The Western News
- Type: Twice-weekly newspaper
- Format: Broadsheet
- Owner: Hagadone Media Group
- Publisher: Anton Kaufer
- President: Clint Schroeder
- General manager: Suzanne Resch
- Founded: 1902
- Headquarters: Libby, Montana
- Circulation: 3,000
- Website: thewesternnews.com

= The Western News =

The Western News is a twice-weekly newspaper in Libby, Montana. Its coverage area is southern Lincoln County, which includes the communities of Libby and Troy. The Western News was founded in 1902, and is owned by Duane Hagadone and the Hagadone Newspaper Group.

== History ==
The Western News was founded in 1902. In 1916, Kennedy & Lang sold the paper to Irvine & Griffin.
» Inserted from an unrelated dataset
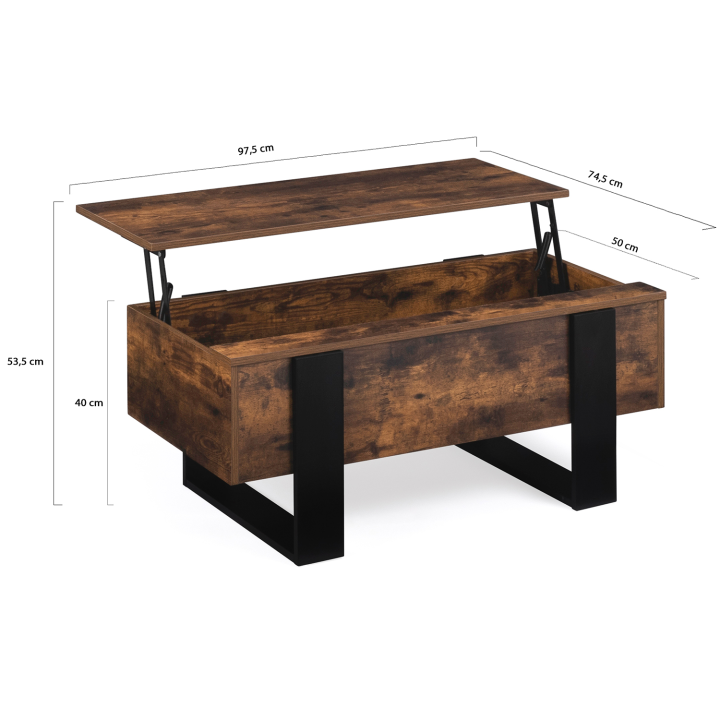 Table basse plateau relevable PHOENIX bois effet vieilli et noir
C. A. Griffin sold his interests in the Western Montana Publishing Co. to Charles D. Rowe in 1923. Rowe operated the paper for 22 years until selling it in 1945 to W. R. Littell. Littell sold it in 1960 to Paul Verdon and Ray Denning. W. C. and Clark King purchased the Western News from Paul Verdon and his wife Elaine in 1979. Mark and June McMahon owned the paper for 17 years until selling it to Hagadone Investment Co. in 1999. Owner Duane B. Hagadone died in 2021.